Frida Kahlo, entre anticonformisme et résilience
Frida Kahlo, The Life of an Icon : une biographie immersive inédite et haute en couleurs de l’artiste autodidacte nous est proposée par Fever et Bruxelles Secrète dès le 17 mars. Seule exposition officiellement autorisée par la Frida Kahlo Foundation, cet itinéraire virtuel en 3D revient sur l’icône mexicaine, dont le rayonnement artistique a transcendé l’espace et le temps.
Une expérience sensorielle hypnotique
Projections d’images, de vidéos et de films d’archives sur les murs, plafonds et sols de la galerie Horta. Avec des récits audios et des musiques captivantes créées pour l’occasion, cette biographie immersive nous propose entre autres des installations artistiques numériques pour une immersion totale. Un plongeon complet dans l’univers coloré, exotique et intense de Frida.
Les organisateurs nous présentent la vie et l’œuvre de la magicienne mexicaine, “… avec l’intention de franchir une nouvelle étape dans les nouveaux langages immersifs.”
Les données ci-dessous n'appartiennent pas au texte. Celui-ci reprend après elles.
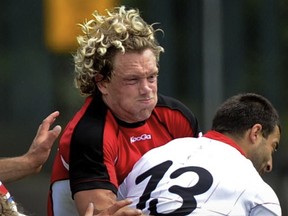 Team Canada's Phil McKenzie contains Georgia's Davit Kacharava during International Rugby exhibition match action at Swangard Stadium in Burnaby on Saturday, June, 23 2012. Les Bazso / PNG staff photo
Portrait d’une icône intemporelle et sans frontières
Epicurienne, à la vie passionnée et passionnante, Frida Kahlo continue de fasciner. Sa force et son indépendance ont fait d’elle un symbole qui résonne encore aujourd’hui.
Couronne de fleurs colorées, monosourcil, duvet de moustache, robes Tehuana et châle sur les épaules. Comme une marque déposée.
Frida aime se représenter, avec des références fortes et récurrentes au folklore mexicain.
Une figure emblématique du féminisme
Née en 1907, d’un père d’origine allemande et d’une mère d’origine mexicaine, elle changera plus tard sa date de naissance, se considérant comme la fille de la Révolution (du Mexique en 1910).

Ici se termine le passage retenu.